Okay, so call me addicted to yellow in the shade. In a part of the garden so easily dampened with cool blues and alluring greens, it never hurts to invest in plants that challenge the status quo. Of all these geeky treasures vying for popularity, Saruma henryi tops the list. The genus name is an anagram of its nearest relative—Asarum—the wild gingers of greater fame. Saruma henryi won’t stop traffic—its flowers are hardly brazen but rather small, round, and buttery, alighting atop fuzzy, heart-shaped leaves. But not every plant has to stop traffic. Plants with softer personalities add depth to garden vignettes, an idea worth exploring in another chapter.
On the subject of depth, giant deadnettle (Lamium orvala) caught my attention several years ago as a lamium of distinction. Unlike the silvery slithering forms commonly available (I have no prejudice here, mind you, just an earnest interest in something different), this plant doesn’t so much cover ground as it fills voids. Rotund in shape, it’s a stockier version of familiar deadnettles, lumbering upward to nearly three feet in height—the puffy pillow amid a sea of blankets. This species blooms for a shorter period of spring and early summer than its cousins but does so profusely—dense clusters of pink flowers line the terminus of each square stem.
There are meadow rues, too, that hover near the ground, offering all the beauty of their airborne relatives, only on a smaller scale. Chief among these starry carpets is the delicate Thalictrum kiusianum, a groundcovering species with flowers as miniature as its leaves. Clouds of pinkish flowers float above classic, blue-green foliage that never seems to melt or succumb to the onslaught of summer—the ideal plant for the part shade rock garden or bordering the garden path.
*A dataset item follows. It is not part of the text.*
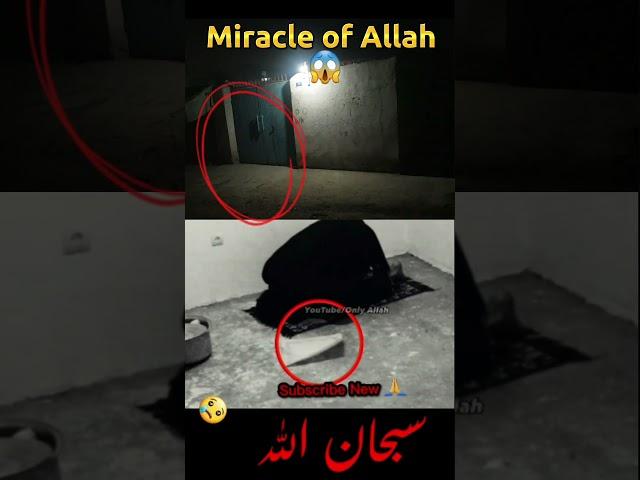 Miracle of Allahالله أكبر||#youtubeshorts#viral#shortvideo#viralvideo#shorts#viralshort#allah||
Once you’ve cooed over T. kiusianum, you might consider upgrading to the equally cute T. ichangense ‘Evening Star’, a dazzling, silver-dappled selection with coin-sized leaves. The best part? It knows no flowering season, powering from spring through fall in a regular succession of eight-inch-tall sprays of frothy light lavender flowers. In my own garden, it’s survived seasonal droughts and zone-4 winters and still has nothing but charms to extol.
Thalictrum minus ‘Adiantifolium’ is another of the highly cute, daintily proportioned meadow rues that no garden should be without. In my garden, I have it planted within the border, staged to view through and against its companions—a curious cloud of green flowers flickering above foliage reminiscent of maidenhair ferns (Adiantum). Don’t let its meek aesthetic fool you—it’s a tough plant, bone-hardy to zone 3 and happy to go dormant in dry times to weather through for another spring appeal.